November 2012 (Large Works): John Figura was looking for virtuosity of medium, form, interesting use of color, shape, skill (relative to intent), and content. Above all, he was looking to see how, and if, the artist’s vision was achieved. Like so many of our previous jurors, Figura stressed the importance of the artist’s unique vision in a successful work, and he evaluated how the choice and use of media serviced that intent.

November 2012 (Small Works): Lindsay Harris’ first criterion was necessarily subjective: an instinctual judgment about the work and whether it was “eye-catching” in terms of its composition, color, and clarity of execution. Because of the high quality all around, such decisions weren’t easy, Harris said. Other considerations included subject matter and mastery of craft: many accepted pieces were examples of simple, humble subjects rendered precious through art. In terms of mastery of craft, successful artists demonstrated that they understood the qualities of their particular medium and used those to their advantage.

December 2012 (All-Media): “I’ve always appreciated that there isn’t one school of thought represented by the artists who exhibit here, stated Linda Hafer. There are so many different approaches, different styles, and different mediums represented on our walls. I wanted this show to celebrate that. My aim was to select the best works within each genre and medium.”

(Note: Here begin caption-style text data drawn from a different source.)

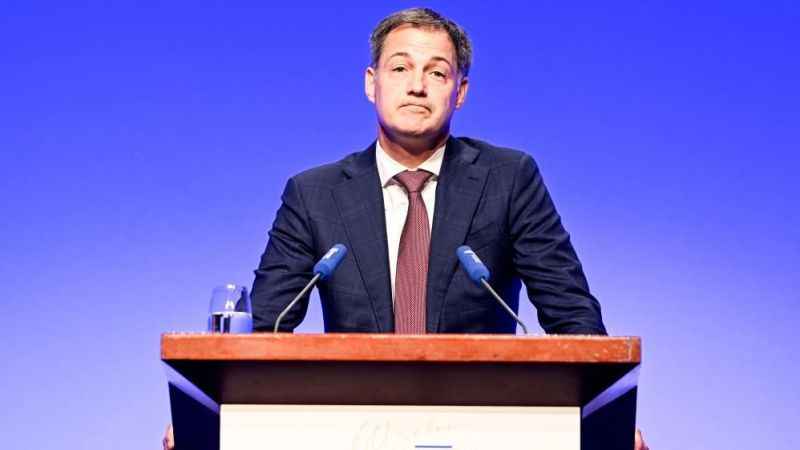 Belçika Başbakanı bisikletten düştü bilinç kaybı yaşadı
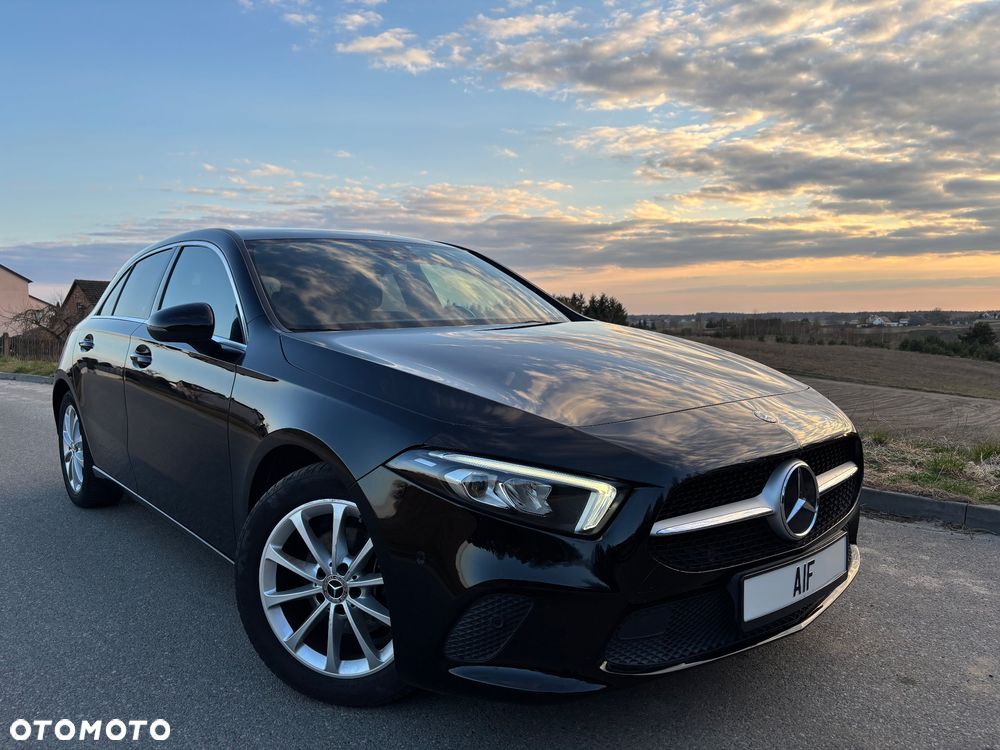 Mercedes-Benz Klasa A 180 7G-DCT Progressive - 12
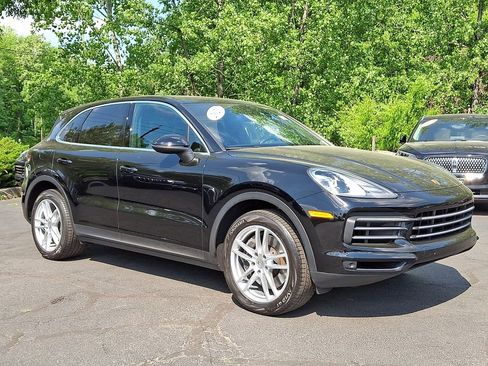 Used 2021 Porsche Cayenne AWD/4WD image 2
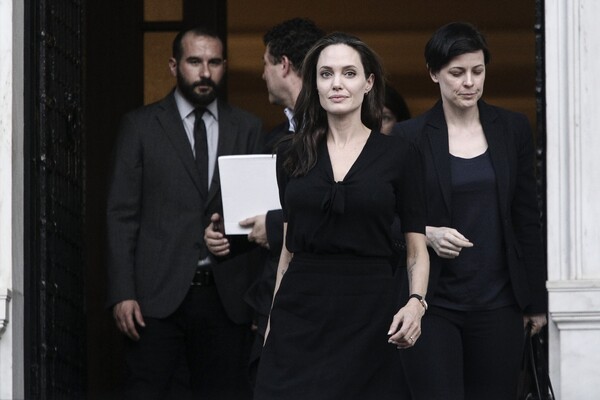 H Vogue αποθεώνει το στιλ της Τζολί στο Μέγαρο Μαξίμου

Initially, Hafer was looking for pieces that “grabbed her.” She’s particularly drawn to pieces with high value contrasts and rhythmic compositions. Strong lines are prevalent in many of the works she selected. While she’s attracted to works with incredible, intricate detail, she’s also drawn to minimalist works that give the viewer a breath of fresh air. As she continued to narrow her selections, Hafer weighed technical proficiency more heavily in her decisions.